Video Briefing

The Wandering Investor: 4 things to do before opening an International Bank Account

Aug 25, 2022Video Briefing6:42Watch on YouTube

Opening an international bank account can be a useful tool for saving, transacting, or investing abroad, but it carries legal and practical complexities. Below are the key considerations you should evaluate before proceeding.

1. Choose the Right Jurisdiction and Institution

The suitability of a jurisdiction depends on several personal factors:

  • Deposit size – Some banks have minimum balance requirements.
  • Residency and citizenship – Your tax residency influences reporting obligations.
  • Intended use – Whether the account is for passive savings, regular transactions (debit/credit cards), or integrated trading platforms.
  • Geographic flow of funds – If you conduct business with a specific region, select a jurisdiction that accepts inbound transfers from that area.
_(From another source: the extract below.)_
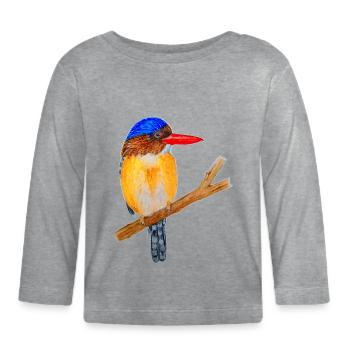 Bunter Vogel - Baby Bio-Langarmshirt - Grau meliert - Vorne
For example, banks in Georgia may be reluctant to process large volumes of money originating from Africa, whereas institutions in Mauritius, Dubai, or the United Kingdom are more accustomed to such flows.

2. Understand International Reporting Standards

Most countries now participate in the Common Reporting Standard (CRS), which requires financial institutions to exchange account information annually with the tax authorities of the account holder’s residence country.

  • Exceptions – Georgia and Armenia have not yet joined CRS, but they are expected to do so in the coming years.
  • U.S. citizens – Must also comply with FATCA, which imposes similar reporting requirements.
  • Risk of non‑disclosure – If you hold an account in a CRS‑participating jurisdiction and fail to declare it, the information will be transmitted to your home tax authority, potentially resulting in tax‑evasion penalties.

3. Comply with Your Home Country’s Disclosure Rules

Each tax residency jurisdiction has its own reporting obligations for foreign assets:

  • United States – Requires disclosure based on citizenship, regardless of residence.
  • Other countries – Typically require residents to file annual reports of overseas accounts and assets.

Failure to meet these obligations can lead to legal consequences. Verify the specific filing requirements for your country of tax residence before opening an account.

4. Present a Clear, Legitimate Purpose to the Bank

International banks assess applicants for legitimacy and compliance risk. A vague or unprofessional request (e.g., “I live in Spain and want an offshore account”) is unlikely to receive a response. To improve acceptance:

  • Provide a detailed business case – Explain why you need the account, the nature of expected transactions, and the projected deposit amount.
  • Demonstrate transparency – Show that you understand and intend to meet all regulatory requirements.
  • Maintain professionalism – Banks reserve the right to reject applicants they deem high‑risk or non‑compliant.

Practical Takeaways

  • Match jurisdiction to transaction flow – Align the bank’s regional expertise with your source and destination of funds.
  • Check CRS participation – Avoid jurisdictions that will automatically share your data with your tax authority unless you are prepared to disclose.
  • Research local reporting laws – Know the exact filing deadlines and forms required by your home country.
  • Prepare a thorough application – Include purpose, expected activity, and compliance plans to increase the likelihood of approval.

By carefully evaluating these factors, you can mitigate legal risks and select an international banking solution that aligns with your financial goals.